One last thing--I remember that the 'coolest' luncher of all was the kids who brought in cold pizza (on a couple of occasions I think I did) in silver foil, and a coke (also in silver foil, although we never had cans of coke at my home).

I can't believe how little some of us (including myself) drank back them--just a squeeze box of sugary juice and maybe some water from the fountain or a tiny box of milk.

I am old, though--I just realize I predate lunchables, although surely some of today's Lunchables will outlast me...

RichardCrystal--meatless Fridays?

Holly Hobby box, later brown bag

White bread with Lebanon bologna only...no mustard, no mayo
Maybe chips
Maybe a cookie

I quit eating lunch and breakfast for the most part in Junio High, now 30 years later, I still don't usually. Maybe if I had allowed myself a little more variety way back when I wouldn't have given it up!

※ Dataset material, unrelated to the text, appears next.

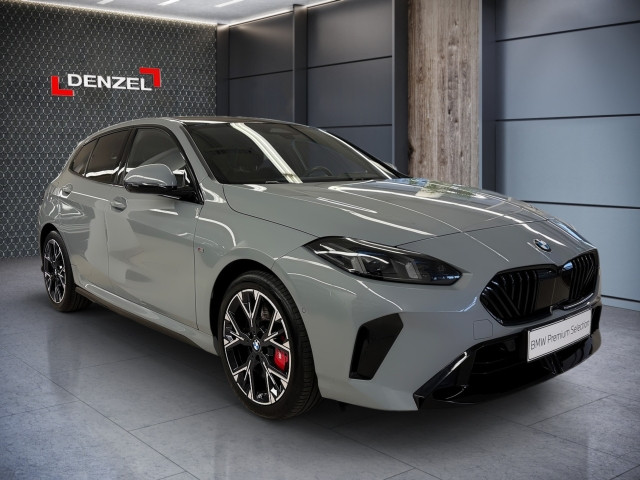 Bild 5: BMW 118d 5-Türer F70 B47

I carried a Hopalong Cassidy lunch box until about 1955 when my mother got tired of buying replacement Thermos bottles. (They broke real easy) I still brought a packed lunch, but it was "cooler" to just brownbag. I bought milk in the cafeteria - 3 cents for 1/2 pint or 6 cents a pint. Sandwiches were tuna, pb&j, leftover pot roast, and (believe it or not) cream cheese & olive. The box looked exactly like this:
http://www.hfmgv.org/exhibits/pic/1999/hopalongb.jpg

My 2 faves were first for kindergarten: a black plastic Barbie box that was patent leather-like shiny and then a pink -and-white gingham with a big ice cream cone on it! I usually had pbj or bologna or oval spiced ham on white bread with mustard. Hate oval spiced ham nowadays. If I had the lunch meat version, I would smash potato chips on the sandwich. Usually, early in the week were the best lunches right after weekend grocery shopping before all the snacks were gone. Disgusting warm milk in the thermos. I can still smell it. I went to grade school in the '70s and remember loving Snack Pack puddings. They were in a metal can with a pull tab top that almost took the finger off one of my friends during lunch. Total bloodbath - you would NEVER see anything like that now!

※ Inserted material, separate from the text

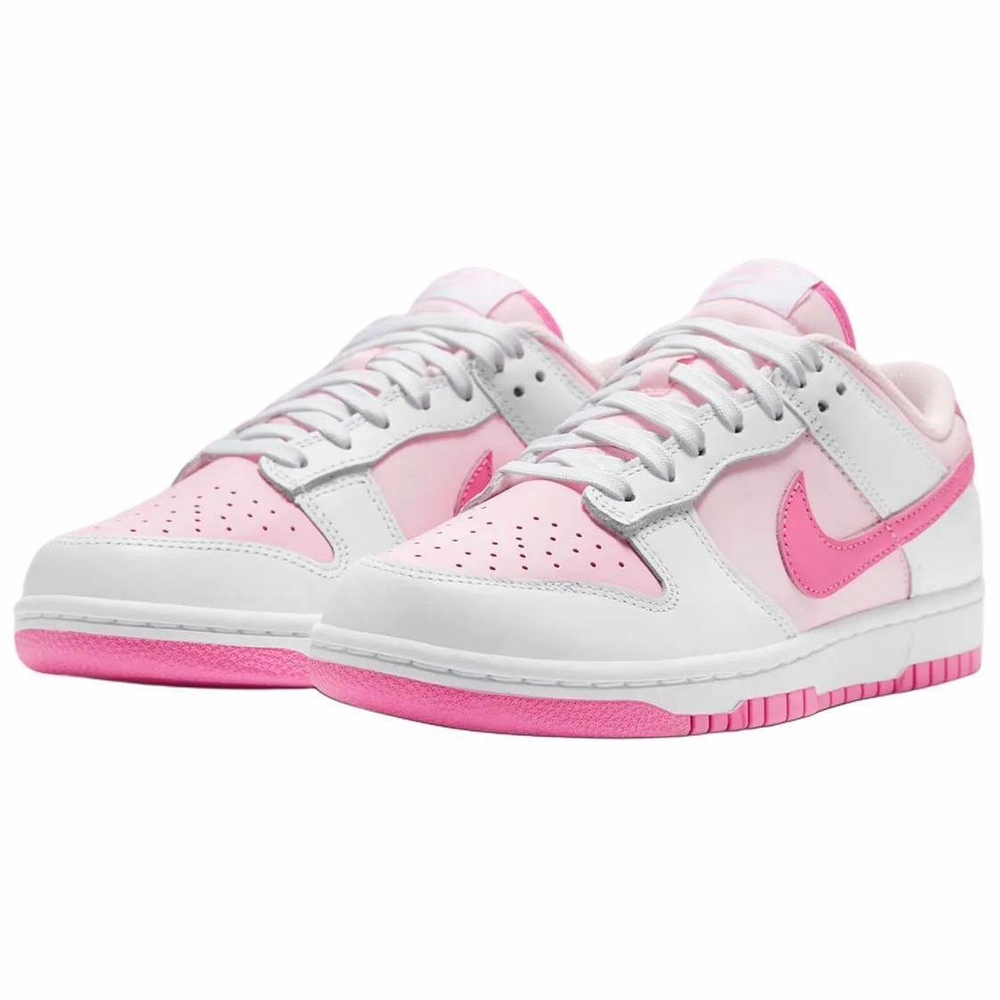 Кроссовки Nike Dunk Low (Женская размерная сетка)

Did no one else have the late 80's plastic lunchbox with the shoulder strap? Mine was purple and was made of thick, rough plastic and had indented diagonal lines on both sides. It had blacks snaps that closed it and a black shoulder strap. You carried it like a purse. No one? I loooooved that thing!

Inside, I had a ham and cheese sandwich on toasted wheat bread with a little mayo and mustard or a little butter. A small bag of plantain chips as a side. (Family is Cuban - no Lays or Doritos for me!) I ended up hating plantain chips for years because I got them every day. Occasionally, tuna sandwiches (always tuna sandwiches Fridays during Lent).

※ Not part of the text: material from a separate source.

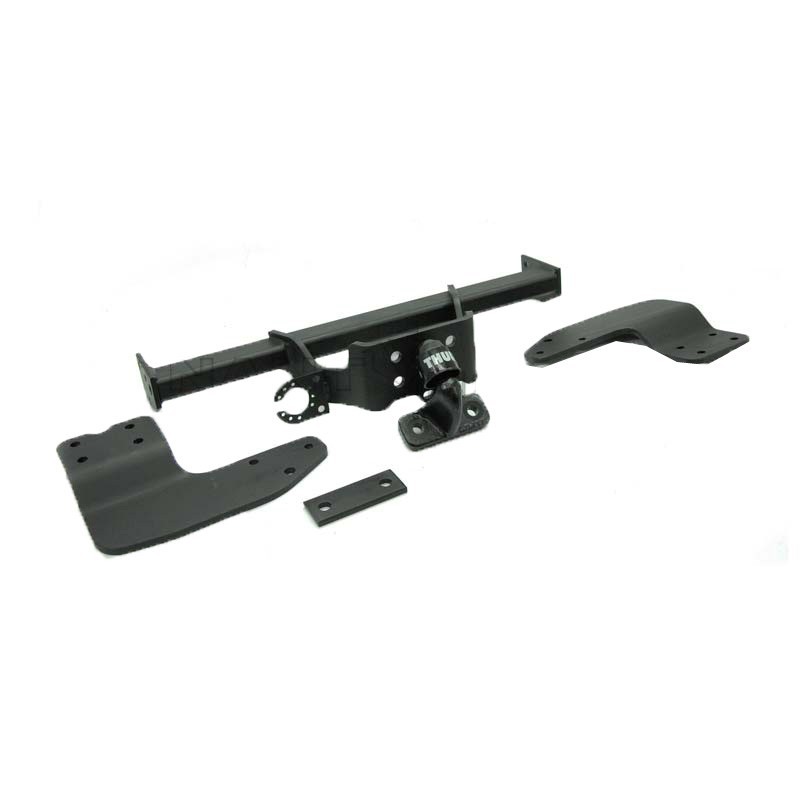 Attelage Brink Pour Ford Transit Custom de 2012 au 05/2016 (Sans Préparation) [Rotule sur Platine]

No Capri Sun, no fruit roll-ups, no Hostess anything - no matter how much I begged. Sometimes I got a Chips Ahoy chewy cookie, but that was rare.

Thursdays I was allowed to buy lunch at school (since it was the only day they served lunch). It varied between gross pizza and even grosser hot dogs. Wednesdays, my grandfather gave me a quarter for a red snow cone after school. Ah, memories...

During High School I bought my lunch and always got tuna salad and bagel with Mountain Dew. Salad bar if I was feeling adventurous and the chicken patty sandwich if I wanted to splurge!

Rambo lunchbox. Metal of course. I think it was right after Rambo first blood part 2 cause there was a picture of that giant Soviet chopper in the background. Thermos full of Kool-Aid. PB & J, Laura Scudders Potato Chips (ruffled style), hostess cupcake or twinkie if I was lucky. Eventually tore that one up, and switched to a Go-Bots plastic box soon after. Same innards food-wise though.

Interesting comment about the metal pudding containers (which I remember, and on special days, I would get one in my lunch!). I just purchased fruit cups for my nine year old that came in metal containers. I was quite surprised. This brand (it is a generic) used to come in plastic but has switched to metal (perhaps not permanently - I know generics often get stuff from other companies and relabel it).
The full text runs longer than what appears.